Try it: The first line of the entries and each line after it, through the one that contains "MONTSERRAT - ESPAGNE", are to be duplicated exactly; no picture belongs in the copy.

Stored entries:
....

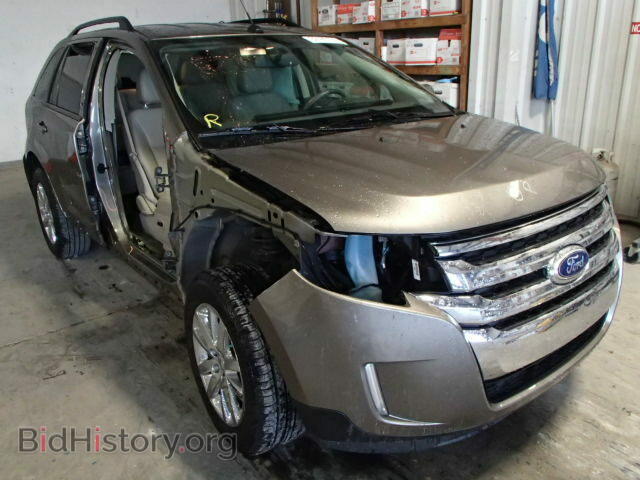 Photo 2FMDK3JC4DBC57068 - FORD EDGE 2013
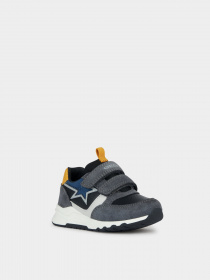 Кроссовки повседневные Geox Pyrip модель B364YB-022BC-C0070 Фото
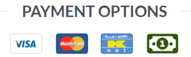 payment options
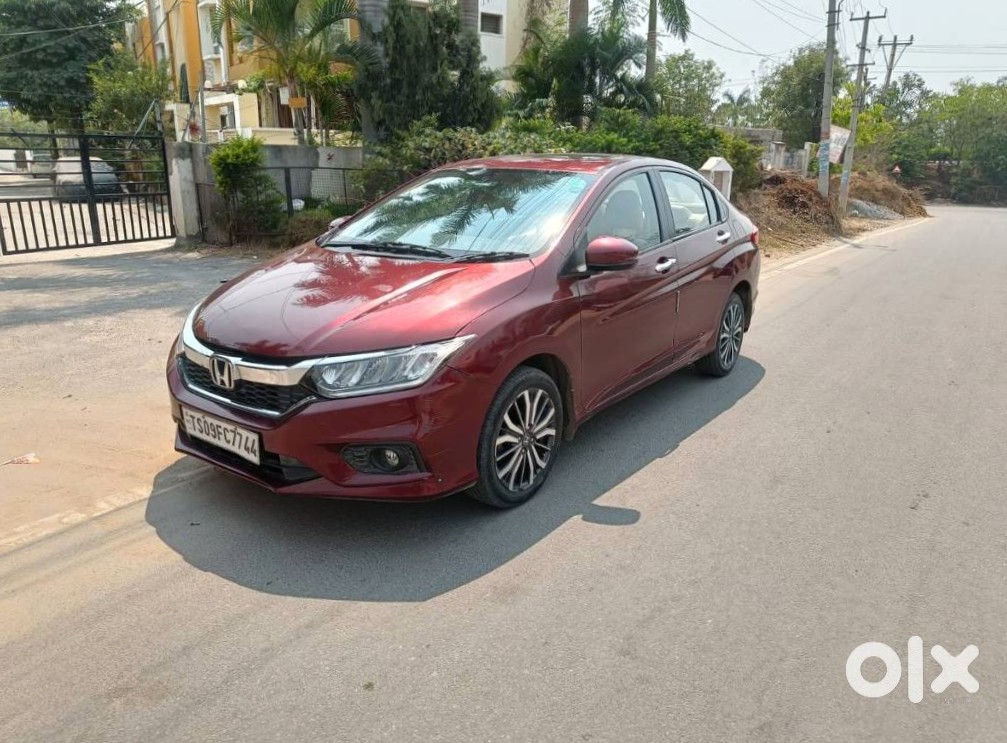 2012 Honda City | 173k Km | Automatic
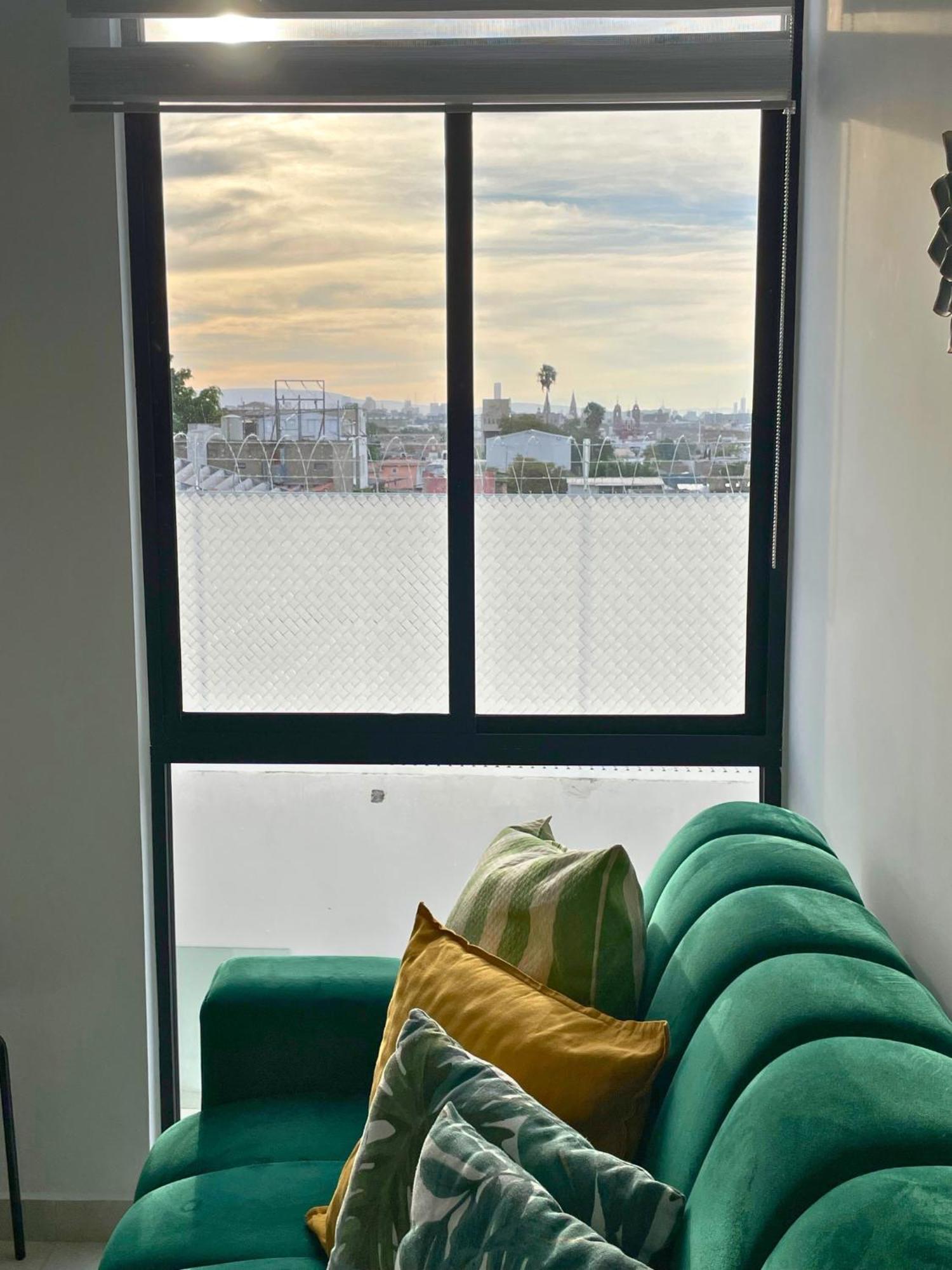 Apartament Depa Familiar Centrico Gdl Con Estacionamiento Guadalajara Zewnętrze zdjęcie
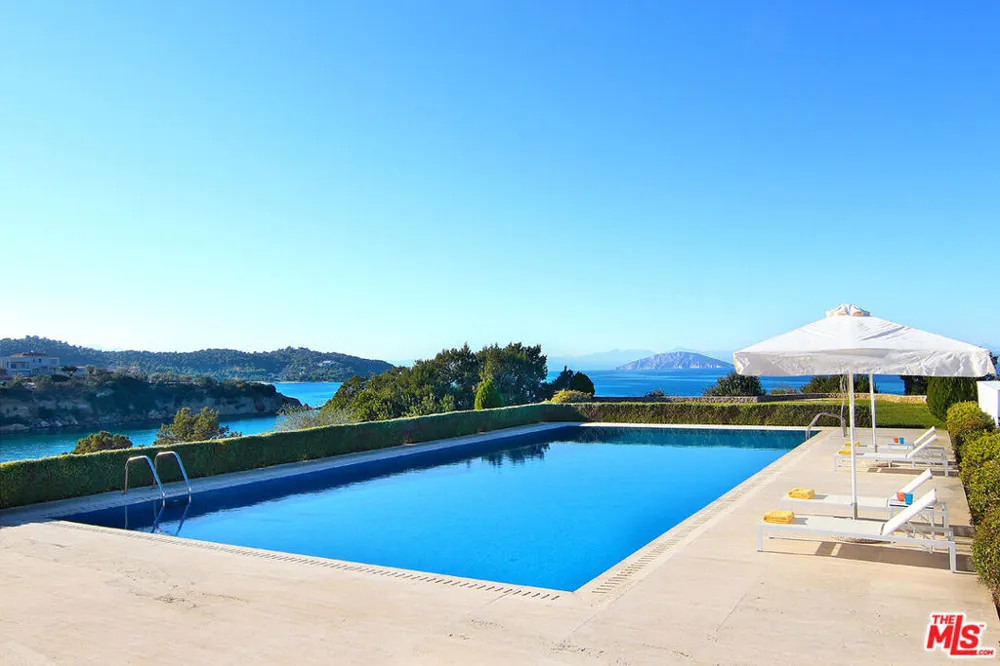 Porto Cheli, Ermioni Greece - White House Villa 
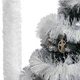 Гирлянда елочная Ruhhy 6 м White (5900779944831) - изображение 1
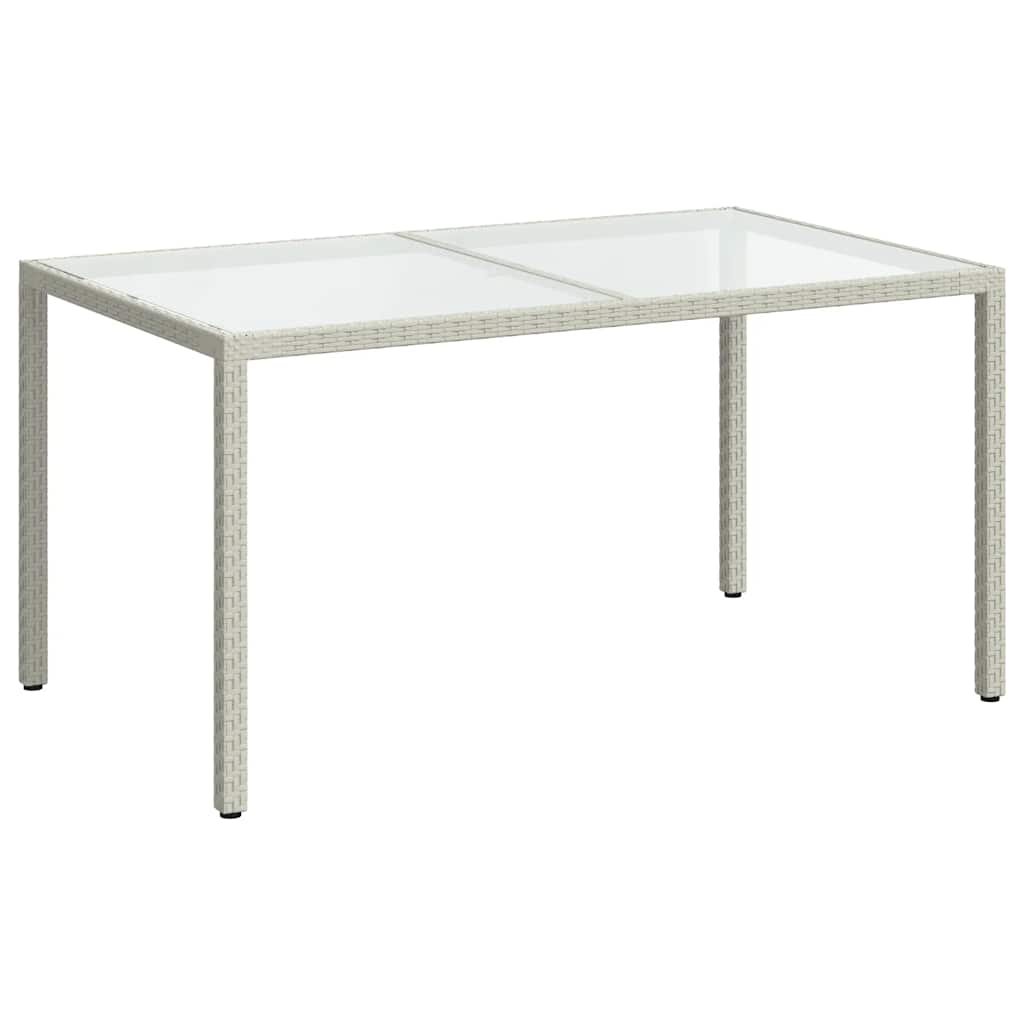 5-Delige Tuinset Met Kussens Poly Rattan 4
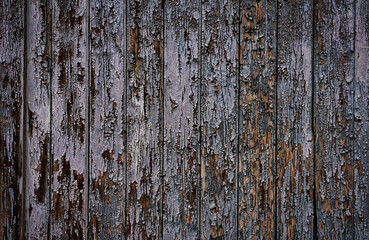 Obraz premium Verwittertes Holzmuster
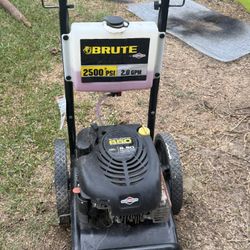 Pressure Washer 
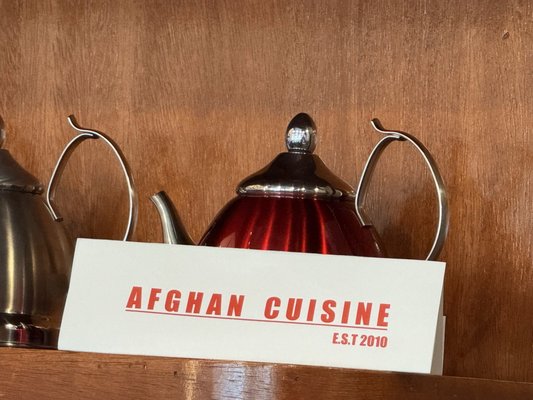 Afghan Cuisine (Kirkland) by null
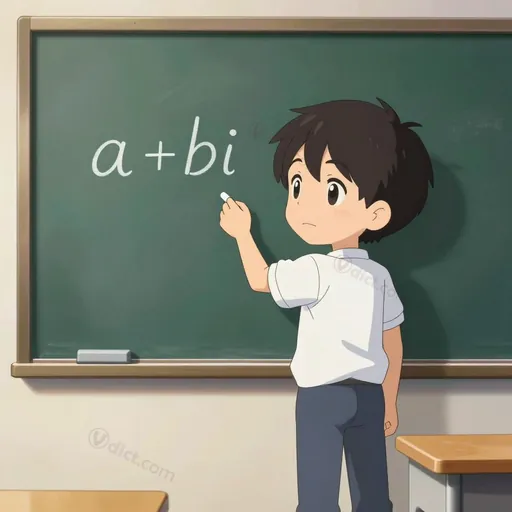 imaginary number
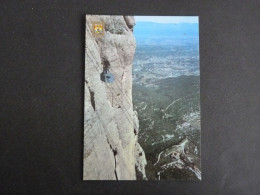 MONTSERRAT - ESPAGNE SPAIN ESPANA - AERIEN DE S. JERONIMO - Other & Unclassified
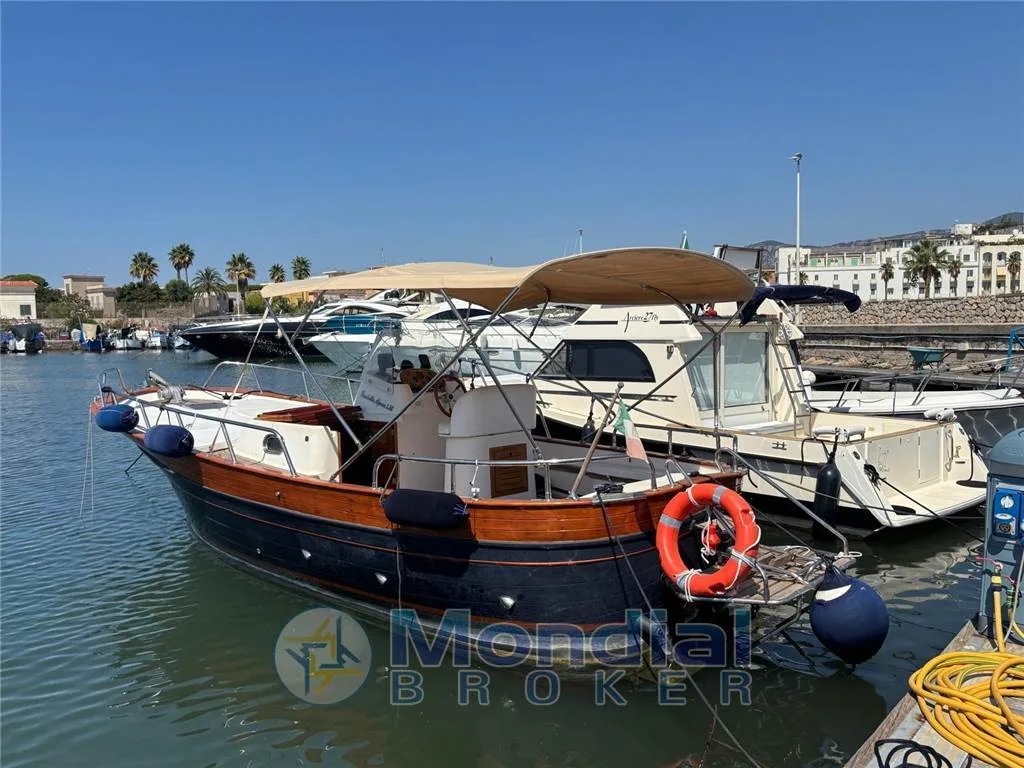 Fratelli Aprea 750 Open used - photo 1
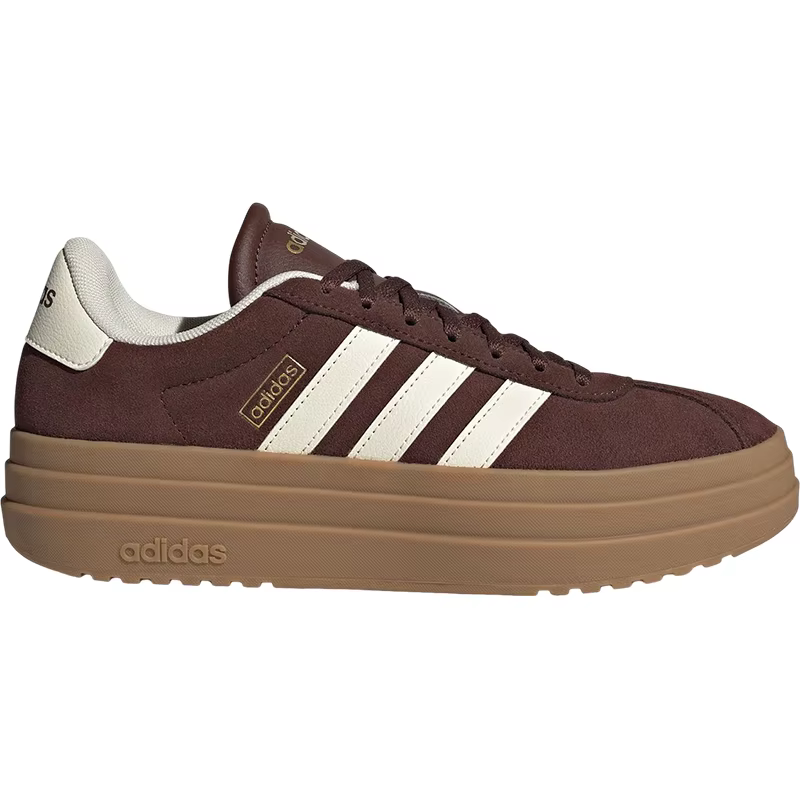 Adidas véritable authentique VL COURT BOLD femmes semelle épaisse chaussures décontractées KJ6856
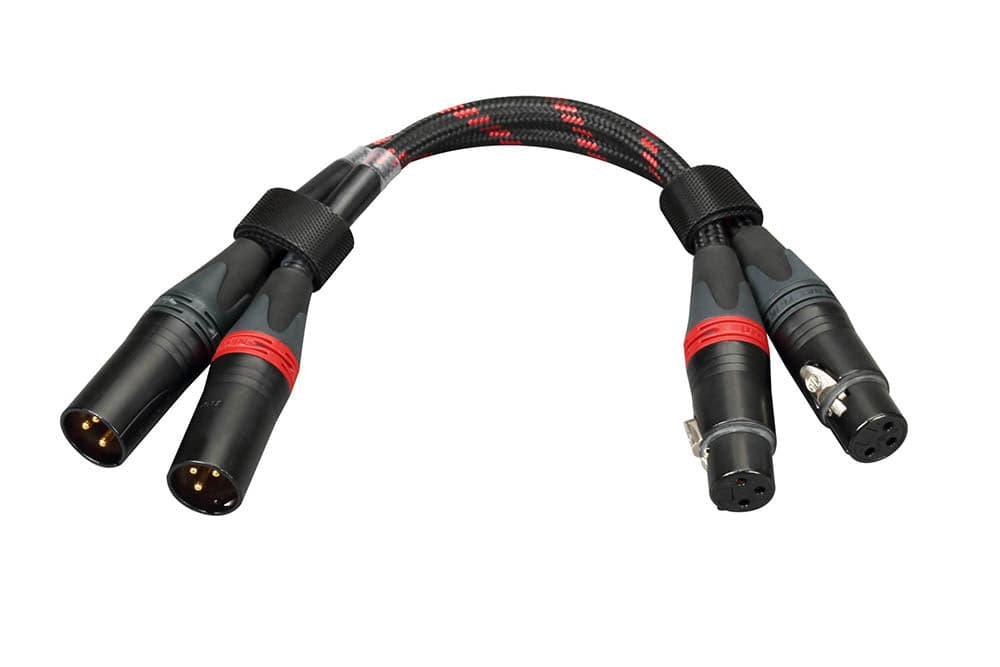 TOPPING TCX1 XLR - XLR Cable - GreshamTech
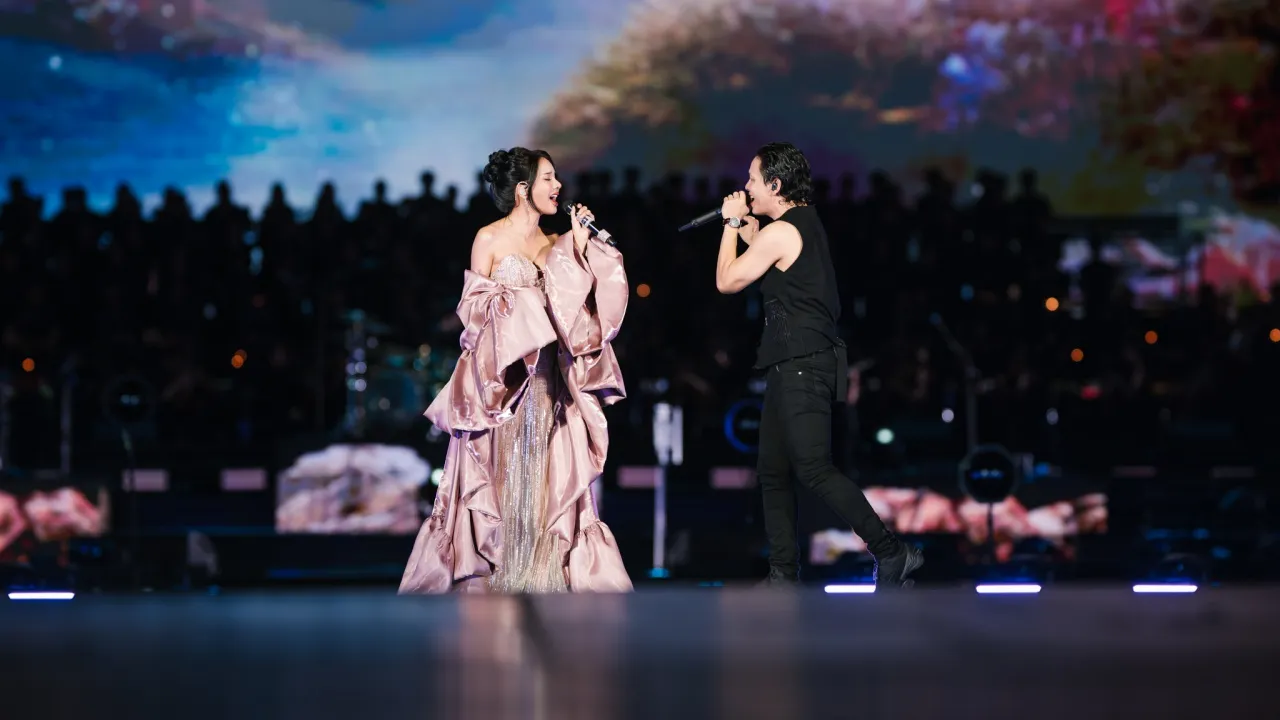 COCKTAIL จารึกประวัติศาสตร์ราชมังฯ ถ่ายทอดเพลงฮิต ความมัน และโมเมนต์ที่น่าจดจำกว่า 22 ปี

....

Written response:
 Photo 2FMDK3JC4DBC57068 - FORD EDGE 2013
 Кроссовки повседневные Geox Pyrip модель B364YB-022BC-C0070 Фото
 payment options
 2012 Honda City | 173k Km | Automatic
 Apartament Depa Familiar Centrico Gdl Con Estacionamiento Guadalajara Zewnętrze zdjęcie
 Porto Cheli, Ermioni Greece - White House Villa 
 Гирлянда елочная Ruhhy 6 м White (5900779944831) - изображение 1
 5-Delige Tuinset Met Kussens Poly Rattan 4
 Obraz premium Verwittertes Holzmuster
 Pressure Washer 
 Afghan Cuisine (Kirkland) by null
 imaginary number
 MONTSERRAT - ESPAGNE SPAIN ESPANA - AERIEN DE S. JERONIMO - Other & Unclassified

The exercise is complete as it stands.